I originally wrote this back in July of 2008, but I did not submit it because my workaround is working fine for me. However, there is a current discussion on the newsgroup which appears to be related.
I've been struggling with this one literally for years, and I finally figured out what's happening. The apparent solutions seem to have warning flags all over them, though.
I have a server process running on a Windows box that spawns tclsh processes which do some work and then exit. Most of the time, all is well. However, sometimes the server gets back the wrong exit code from the subprocess. Other times, the subprocess never ends at all, despite the fact that the script ended. When I've snooped those orphan processes with the Process Explorer, I've seen a thread sitting there just spinning in what looks like some NT library call. Out of tens of thousands of tclsh processes, you might not see it happen, and I'd never been able to get it to happen on purpose so I could trap it and see what was going on. Nowadays, my Tcl scripts are using TclBlend to run some Java code, and about a year ago I discovered that if used the Java exit (e.g., from Tcl, java::call System exit $code), then the problems did not happen anymore. I had assumed that something in the Tcl cleanup on exit was the cause of my problem, and the Java call was skipping it. I never noticed any ill effects from doing this, so I left it that way. (Note that the exit problems predate the use of TclBlend in the application, so I am pretty sure that library at least is not the cause of the problems!)
This week, though, I was using a TCL_MEM_DEBUG build to try to track down the source of a "TclStackFree: incorrect freePtr. Call out of sequence?" message. In doing some basic sanity tests with that build before I tried to use it with the application, I discovered that no matter what I did, that build always returned an exit code of 0 to the parent process. However, if I configured with the --disable-shared option, I always got the right exit status. I compared both of those builds in the debugger, and I found out that Tcl was completing its cleanup fully in both cases and passing the correct error code to the real "exit" call, but in one case it was getting lost before the process really ended.

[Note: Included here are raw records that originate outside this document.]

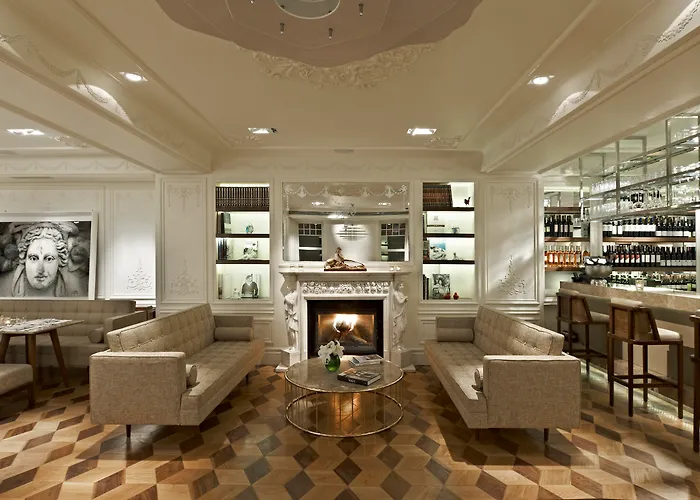 The Stay Bosphorus Istanbul, Türkei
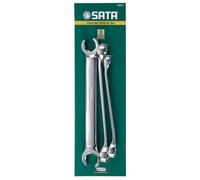 SATA 9031 Spanner Set, brake pipes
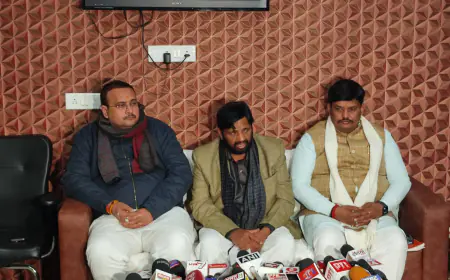 लखनऊ में आयोजित “महिला हाफ़ मैराथन दौड़” में मुख्य अतिथि की भूमिका निभायेंगे भाजपा राष्ट्रीय अध्यक्ष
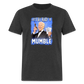 Lets Get Ready to Mumble Unisex Classic T-Shirt - heather black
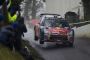 Sebastien Loeb Wins Rally Ireland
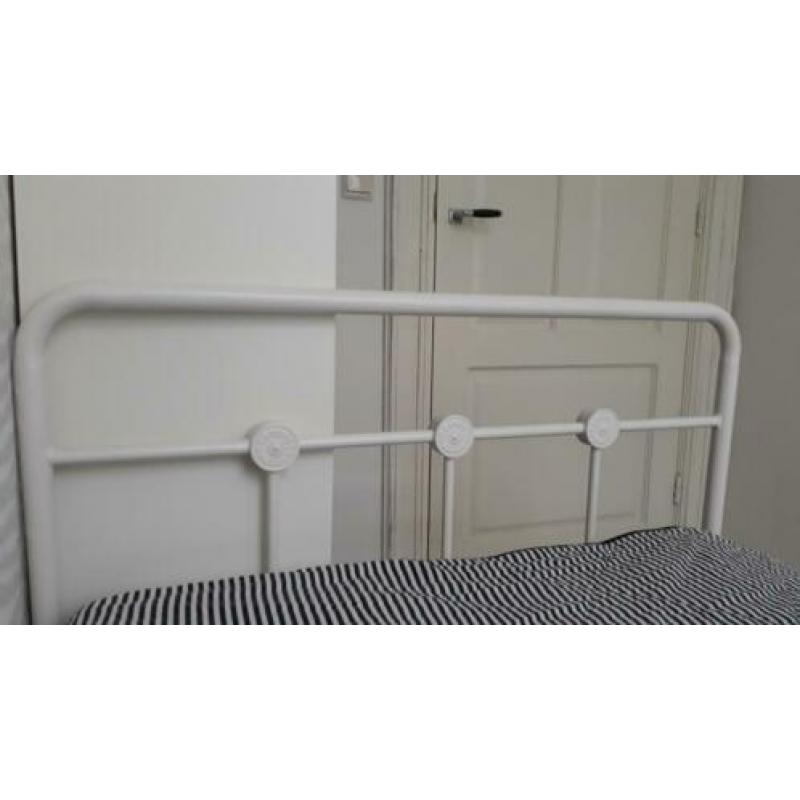 Lief spijltjes bed te koop 90x200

This led me to go learn more than I wanted to know about Windows and how it attempts to terminate processes, but the long and the short of it is that unless you call TerminateProcess, Windows tries to be nice and let things clean up properly, and that can have the effect of the exit code being changed or the process not even ending. They strongly discourage the use of TerminateProcess because it doesn't allow loaded DLLs a chance to execute their cleanup code, but they also say that even if you exit nicely that DLL cleanup code gets no guarantees that any of its data structures are in a consistent state.
I found an old bug report at Sun's Java site stating that they use TerminateProcess on Windows because it's the only way to guarantee that the process ends, so that explains why calling the Java exit command seemed to help me. So that's the question. Is it safe to replace exit(code) with TerminateProcess(GetCurrentProcess(), code) in the Windows version of Tcl? I've done this in my copy, and it's working fine with all my tests.